YOURSsolution is NOT a solution of ODE, even if calculated by hand, and it does NOT fulfill YOURSsolution[ 0 ] == 0.
In[150]:= YOURSsolution /. t -> 0
% // FullSimplify
Out[150]= 1/2 B r (1/(R - I (w - w0)) + 1/(R + I (w - w0)))
Out[151]= (B r R)/(R^2 + (w - w0)^2)
You may drop the condition y[ 0 ] == 0 in your ODE to get
ysol1 = y /. DSolve[{y'[t] == (I*w0 - R)*y[t] + B*r/2*(Exp[I*w*t] + Exp[-I*w*t])}, y, t][[1, 1]]
Then drop, as you wanted to, C[1]
ysol2 = ysol1 /. C[1] -> 0
But
In[171]:= ysol2[0]
Out[171]= 1/2 B r (1/(R + I (w - w0)) + 1/(R - I (w + w0)))
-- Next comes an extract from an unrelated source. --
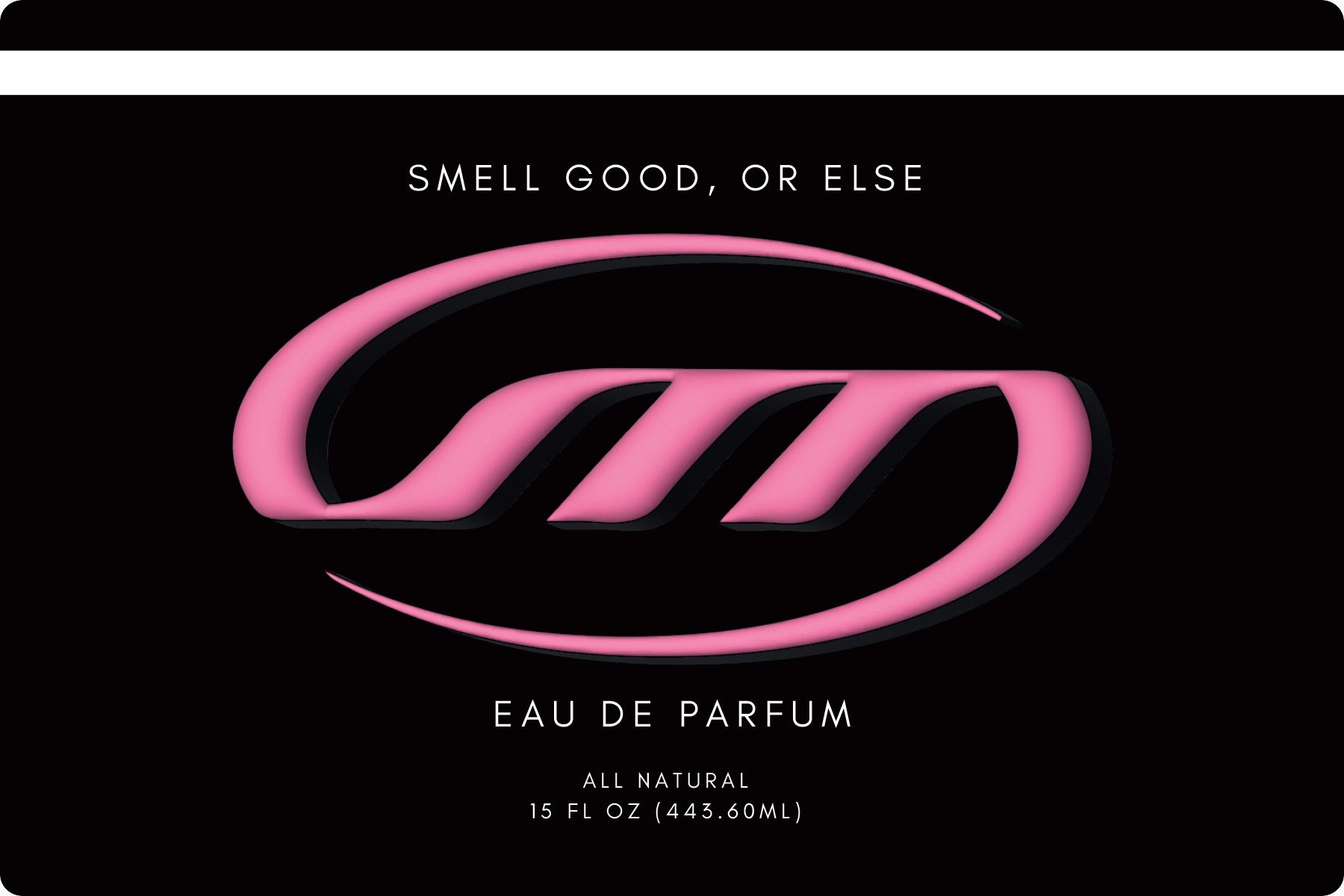 Smell Good, Or Else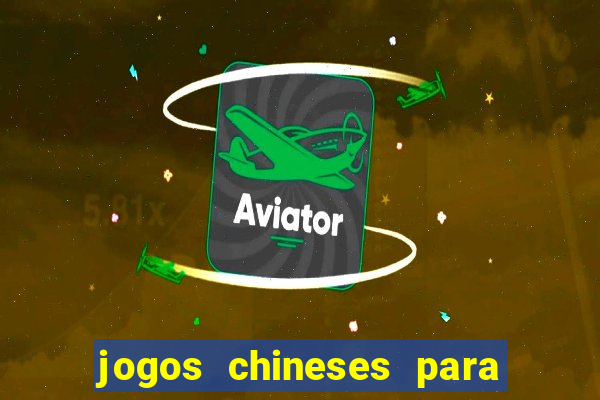 jogos chineses para ganhar dinheiro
That is NOT what you wanted.
ysol2 is a solution of ODE
In[172]:=
ysol2'[t] == (I*w0 - R)*ysol2[t] + B*r/2*(Exp[I*w*t] + Exp[-I*w*t]) // FullSimplify
Out[172]= True
ysol2 looks very similar to YOURSsolution (but remember: it does not fulfill your initial condition)
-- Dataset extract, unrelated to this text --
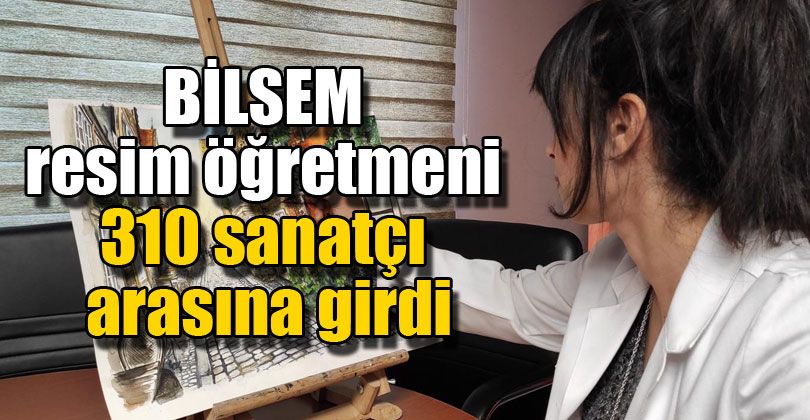 Bilsem Resim Öğretmeni 310 Sanatçı Arasına Girdi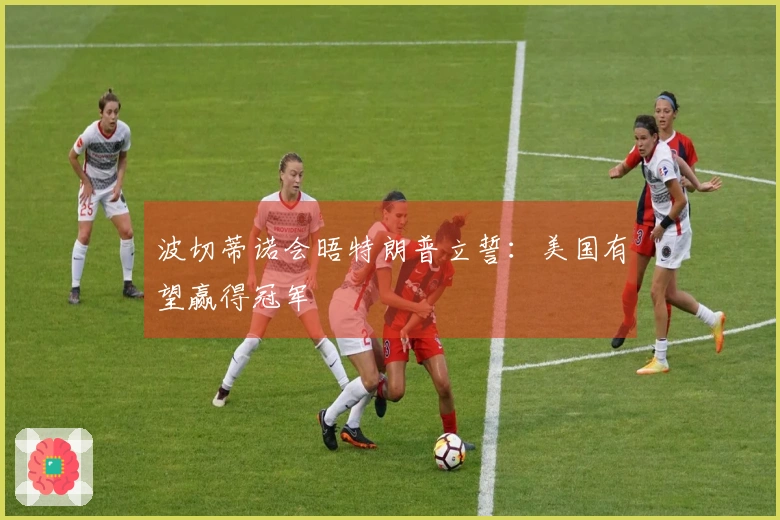 波切蒂诺会晤特朗普立誓：美国有望赢得冠军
In[181]:= (B r)/2 (2/(B r) ysol2[t] // Simplify // Expand)
Out[181]= 1/2 B r (E^(I t w)/(R + I (w - w0)) + E^(-I t w)/( R - I (w + w0)))
but it is not the same
In[173]:= ysol2[t] - YOURSsolution // FullSimplify
Out[173]= (I B E^(-I t w) r w0)/((R - I w)^2 + w0^2)
Look at the signs in the w / w0 terms , I have the suspicion that there is a typo in that dissertation.